El raro llegó en forma de chaval aparentemente normal, preventivamente inclasificable en ninguno de los tres grupos mencionados anteriormente pero que poseía una característica que le hacía único, y es que debido a algún problema de salud relacionado con su columna vertebral, llevaba puesta una especie de coraza de plástico que mantenía su espalda y cuello rígidos, artilugio el cual lucía un agujero redondo en el pecho, supongo que para no resultar tan pesado y caluroso, pero que por similitud con un Vater, le hizo ganarse ese apodo de inmediato.
Desconozco si Bater (lo escribo con b para diferenciar a la persona de un inodoro cualquiera) era una buena persona o no, si estudiaba o pasaba sus días entre ensoñaciones o simplemente ardía en deseos de encontrar a alguna chavala para sentarse sobre él, pero su condición de raro lo volvía irrelevante.
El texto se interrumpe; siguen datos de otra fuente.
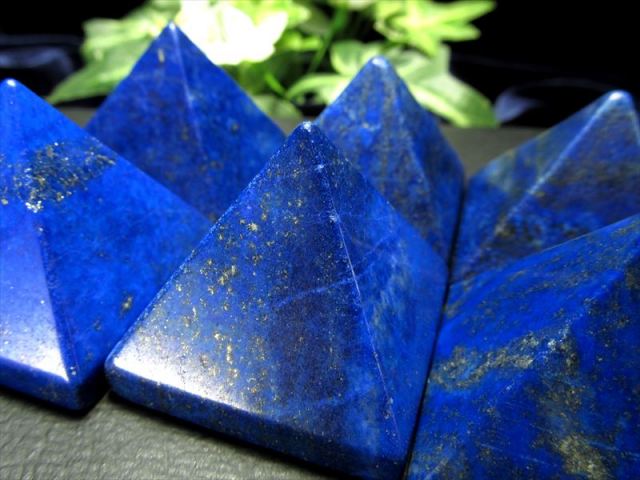 艶々天然石ピラミッド ラピスラズリ(染色) ピラミッド 置物 1個売り 幅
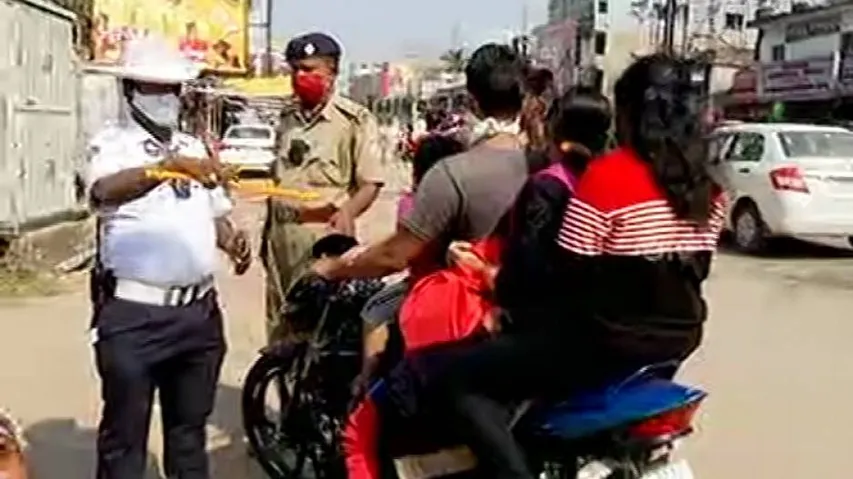 DL Suspension For No Helmet: Bikers In Cuttack Come Up With Bizarre Excuses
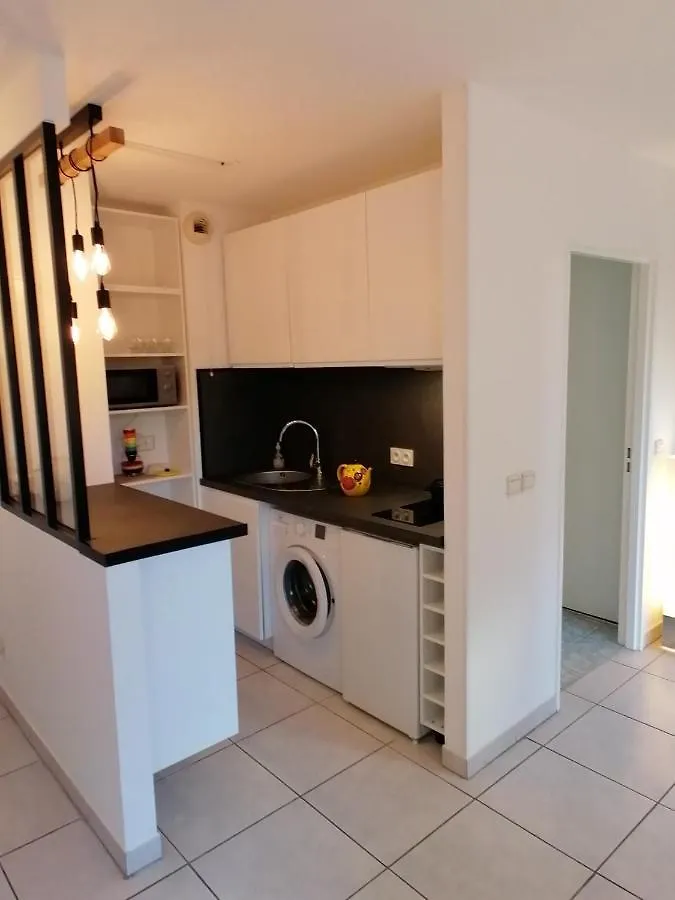 Studio Neuf 25 M2, Terrasse 35 M2 Proche Port Nice, Centre Ville Apartment Nice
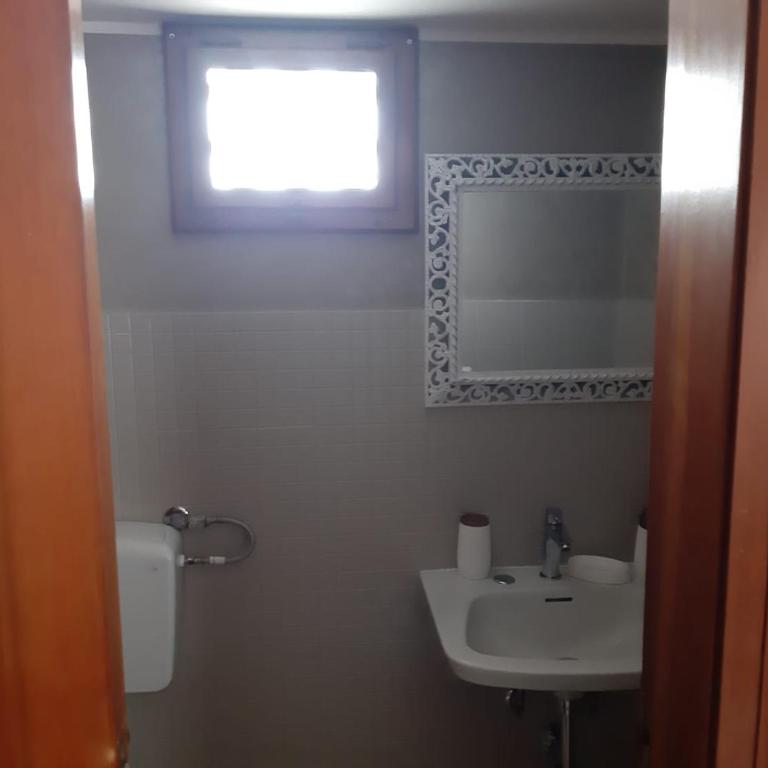 La Reggia del Corso - Three-Bedroom Apartment - 37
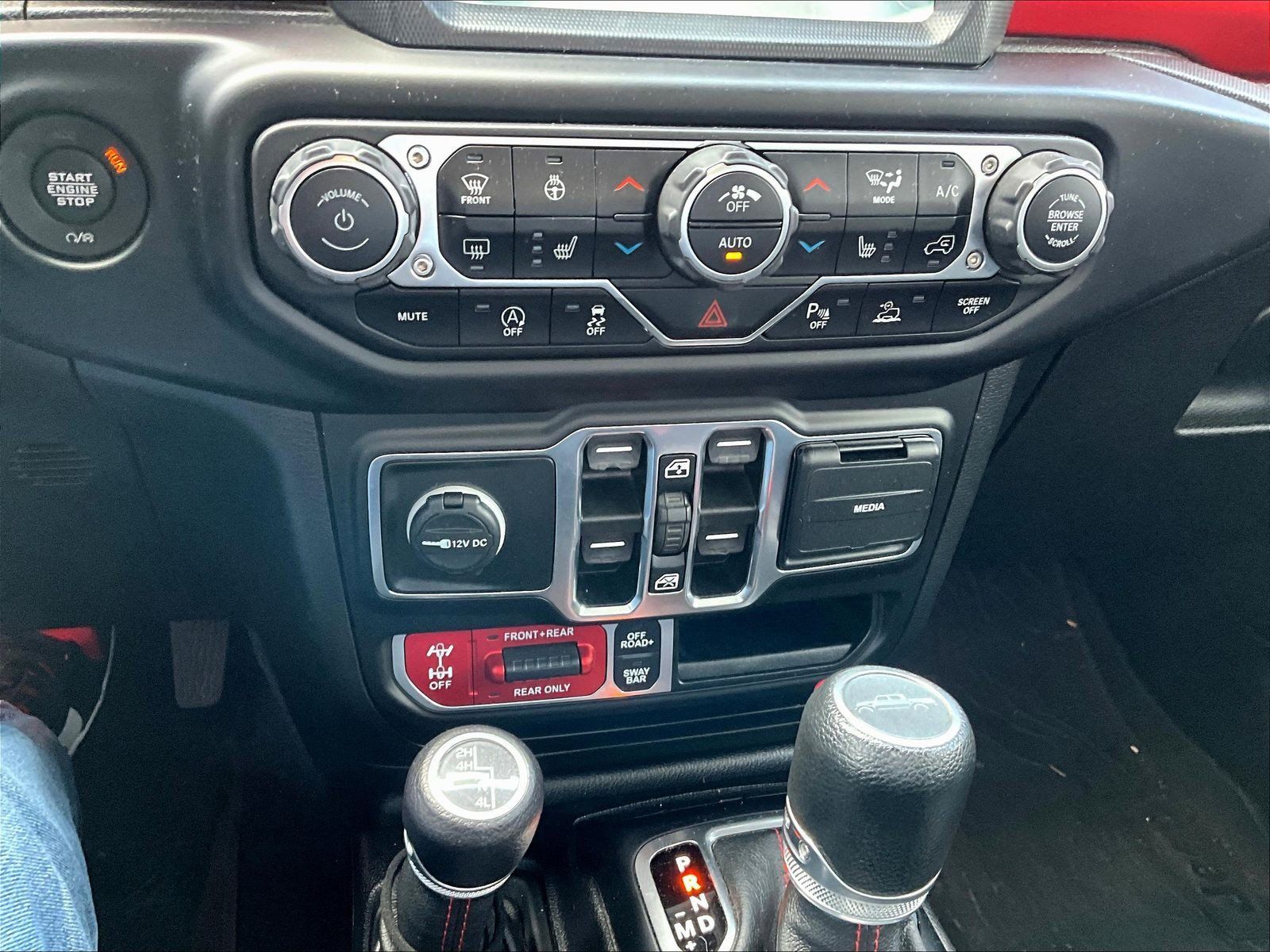 Used 2021 Jeep Gladiator Rubicon AWD/4WD image 16
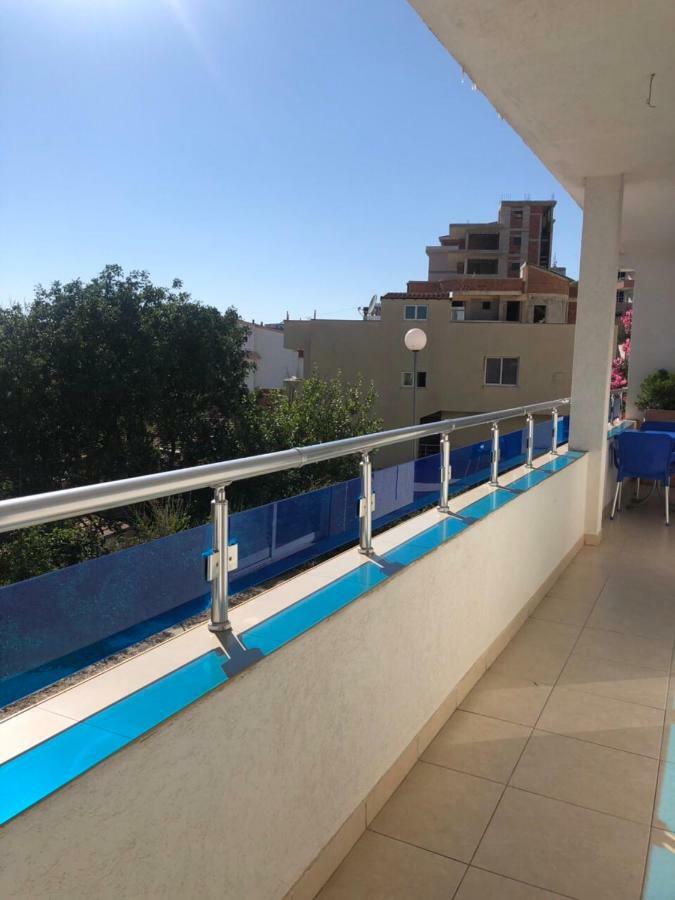 אולסינץ' Apartmani Dini מראה חיצוני תמונה
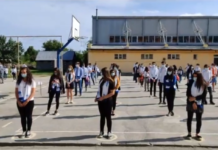Festivitate de absolvire pe terenul de sport, cu măşti şi păstrând distanţa: „Este o absolvire aparte, pentru o generaţie aparte” VIDEO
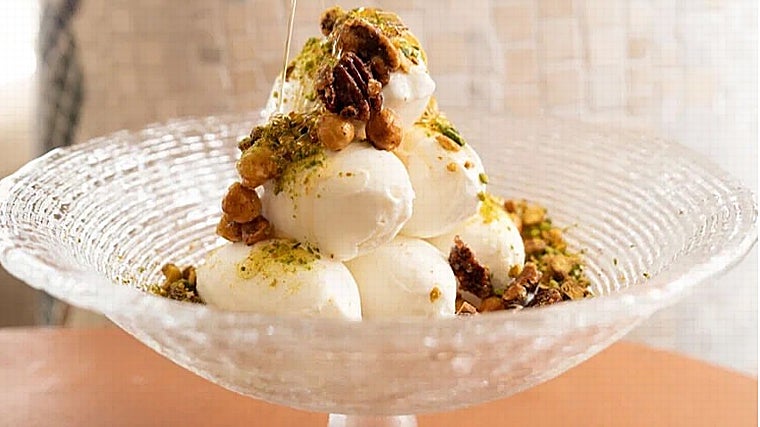 La miel y el pistacho, protagonistas en los postres de Eva Estepona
Bater era Bater e inmediatamente se convirtió en el objetivo de burla, mofa y escarnio por parte de los más gamberretes del lugar. No era raro verle aparecer con esa rigidez característica y con la ropa manchada por algún revolcón, el cabello alborotado por las collejas o los libros arrugados y mojados. Su mera existencia se convirtió pronto en motivo de pena y compasión, pero nadie se atrevía a incluir a Bater en su grupo, mucho menos a hacerse su amigo, por evitar verse arrastrado a su rareza y por lo tanto a su infortunio.
Pasaron los días, las semanas y meses y la miseria de Bater parecía no terminar nunca. Algunos conjeturaban sobre su capacidad de permanencia en el curso, otros simplemente apostaban sobre su supervivencia y muchos otros simplemente miraban a otro lado tratando de no cruzar miradas con él. Y parecía que nada iba a cambiar hasta que él mismo decidió dar el paso.
Una mañana Bater se despertó y decidió que eso ya había terminado. Se enfundó en su blanca armadura y se dirigió al instituto con la cabeza bien alta, aunque pensándolo bien, no le quedaba otro remedio debido a su problema. El nuevo Bater subió las escaleras con determinación y entró en clase cuando todos estábamos todavía esperando a la profesora. Caminó hacia su mesa y uno de sus depredadores naturales le miró y dijo una sola palabra: “Bater”. Y esa fue la gota que colmó el vaso. Bater estiró el brazo y abrió la palma de su mano, concentrando en ella toda su rabia, su dolor, sus miedos y frustraciones, una palma que en ese momento representaba todo lo que era bueno y justo en este mundo, una palma de furia redentora que recorrió el aire en dirección al cogote del abusón, el cual la vio venir y la detuvo con facilidad agarrándole por la muñeca. “¿Pero tú qué te has creído que eres, Bater?” dijo el apenas sorprendido matoncillo preadolescente. Y a una orden simple pero concisa, todos los demás se lanzaron sobre Bater y le dieron una buena paliza ante nuestros atónitos ojos.
Y yo, con la complicidad del que guarda silencio, contemplando a ese pobre chaval cuyo único delito había sido el nacer con una diferencia y que debía sufrir por ello por partida doble, me di cuenta de que Bater nos había enseñado una importantísima lección de vida con su fallido intento de rebelión; nos había demostrado que no se puede cambiar aquello que uno es, que de nada sirve luchar contra los poderosos por muchas nobles verdades que uno esgrima y que como dice aquel viejo proverbio bretón, “Kings will be kings and pawns will be pawns”.